Abstract

A combination of simultaneous measurements from high, low and ground altitude instruments has been used to infer the rapid evolution of the coupled nightside magnetosphere‐ionosphere during substorms. Reversals from an eastward zonal convection to westward zonal convection become apparent inside the volume of the substorm bulge a few minutes after the intensification of the westward electrojet. These reversals persist for periods of 10–20 min and appear to have a one‐to‐one correspondence with the occurrence of dipolarizations. The changes in convection are accompanied by changes in precipitation. Flux depletion regions (FDR) are measured by the DMSP satellites inside the surge, near the equatorward portion of the westward electrojet intensification.
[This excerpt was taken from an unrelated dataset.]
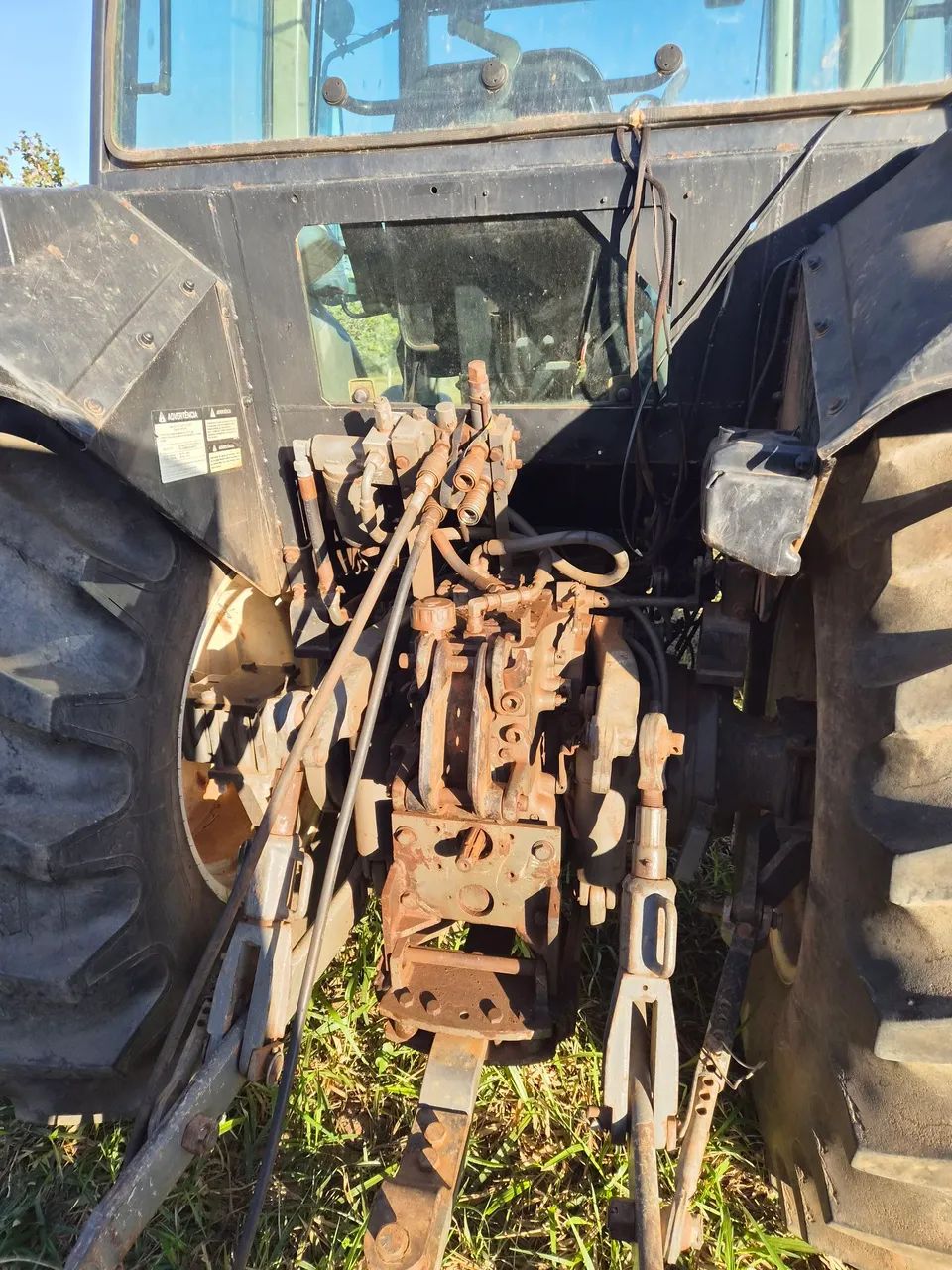 Trator Valtra BM125i - Foto 2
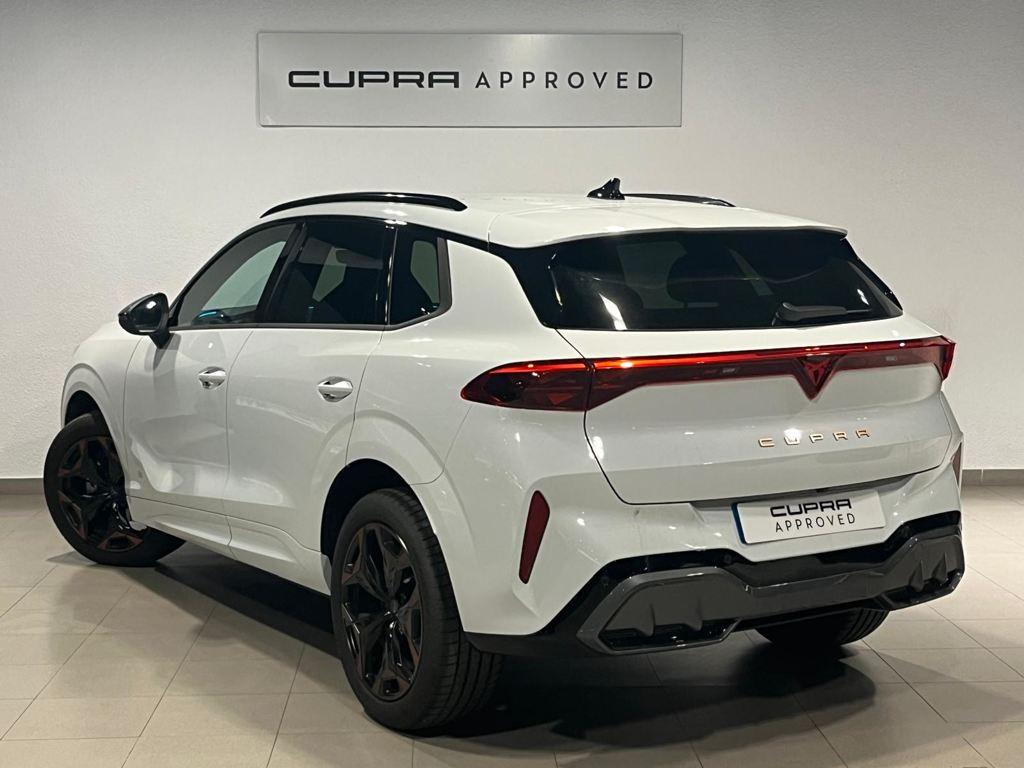 CUPRA Terramar 1.5 eTSI DSG 110 kW (150 CV) - 1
The poleward boundary of every FDR is collocated with a convection reversal and an arc intensification that marks a poleward transition into a region initially dominated by intense discrete electron precipitation and velocity dispersed ion structures (VDIS). Convection in the FDR constitutes an eastward electrojet channel that may produce a transient recovery signature as observed by ground magnetometers. The observations of FDR's and the fast westward flows that accompany them are consistent with the scenario of a rarefaction and/or a neutral line in the near‐earth tail that produces fast earthward flows after the breakup. The arc intensification at the poleward boundary of the depletion region and the collocated transient convection reversal favor an enhancement of the magnetosphere‐ionosphere coupling and thus the continuation of the substorm expansion in a multiple cell convection system. Arguments are presented to explain how a series of pseudobreakups modify the near Earth magnetic field into an increasingly dipolar geometry until a breakup is possible.